What I think we're doing

By Ryan McDermott

fire (Photo credit to Chris Patrick. Thanks for the great photo, Chris!)

It’s really easy to make people scared, or to make people feel inadequete. We’re surrounded almost constantly by things that are trying to do this to us. Every billboard we see, every magazine cover we walk past, every ad we might see on television is trying to remind us that we’re inadequete. Or maybe we should be scared of something: ambiguous bad guys waiting for us to drop our vigilence so they can take advantage of it.

Get a security system, lock your doors, don’t go outside, don’t explore that thing.

Sometimes it’s class. You’re the coolest one at the party (or your ticket says so)…but you’re not really quite as cool as the people whose tickets tell them that they get to stand on the OTHER side of the velvet rope.

What are we doing

Our art is HARD. We don’t make people feel scared, or inadequete. We don’t have special sections that only the special people get access to. Everybody is special. Everybody is adequete. Nobody should be scared.

Our art is to make people feel safe.
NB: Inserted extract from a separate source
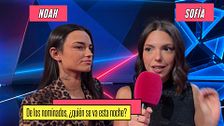 Noah y Sofía tienen claro el expulsado de esta noche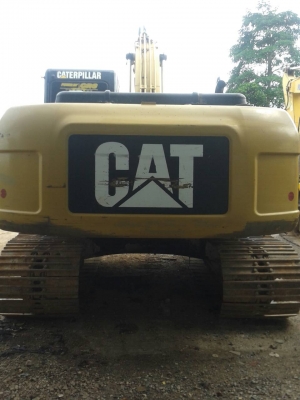 ขายรถแบคโฮ CAT 320 D ไมล์ 12000 ชม.เอกสารเล่มทะเบียน ราคา 1650000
We specialize in empowering people to get out of their shell and dance, or sing, or wear a funny costume, or stay up all night doing all three. We even have a special group of people called ambassadors who exist to find people who might not be feeling very special, and figure out a way to reach out to them and change that.

We have these GIANT vehicles that ANYBODY gets to stand on top of and be both literally and figurtively 20 feet tall.

This whole thing is an art project that all of us are working really hard on, and the point of it is to do the hard thing: make people feel safe.